Discours prononcé au 13
e banquet de la conférence
Scientia offert à M. Eiffel le 13 avril 1889, publié dans
La revue scientifique le 20 avril 1889.
J’ai signé une protestation d’artistes et d’écrivains contre le gigantesque édifice […].
Je n’avais, heureusement, jugé et condamné que par défaut, et devant l’œuvre accomplie et victorieuse, je me sens aujourd’hui plus à l’aise que d'autres pour en appeler de ma propre sentence. L’idée que je me fais de mon art me rend sans doute la conversion plus facile qu’à mes confrères, plus facile surtout qu’aux artistes dont les œuvres s’adressent aux yeux. La poésie, en effet, me semble être, comme la musique, un art où la forme, empruntant le moins possible à la matière, n’est plus, pour ainsi dire, que le frisson même de l’âme. Aussi le poète, à mon avis, peut-il regretter que la tour Eiffel ne caresse pas les yeux sans perdre pour cela le droit ni faillir au devoir d’y saluer une audace magnifique dont la majesté suffit amplement à la satisfaire. Ce colosse rigide et froid peut dès lors lui apparaître comme un témoin de fer dressé par l’homme vers l’azur pour attester son immuable résolution d’y atteindre et de s’y établir.
Voilà le point de vue qui a réconcilié mon regard avec ce monstre, conquérant du ciel.
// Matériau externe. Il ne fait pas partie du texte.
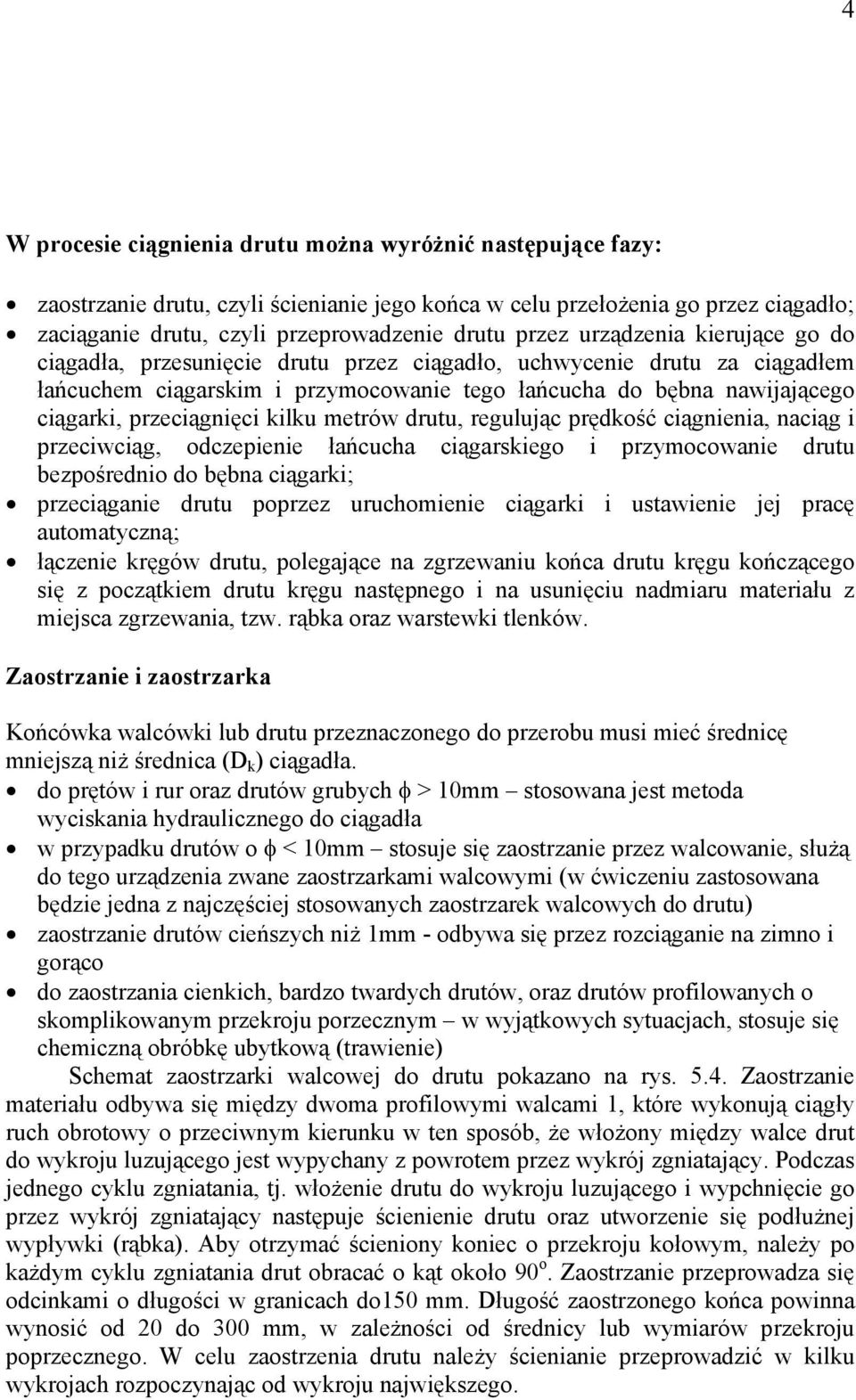 kilku metrów drutu, regulując prędkość ciągnienia, naciąg i przeciwciąg, odczepienie łańcucha ciągarskiego i przymocowanie drutu bezpośrednio do bębna ciągarki; przeciąganie drutu poprzez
Et quand même, en face de sa grandeur impérieuse, je ne me sentirais pas converti, assurément je me sentirais consolé par la joie fière, qui nous est commune à tous, d’y voir le drapeau français flotter plus haut que tous les autres drapeaux du monde, sinon comme un insigne belliqueux, du moins comme un emblème des aspirations invincibles de la patrie.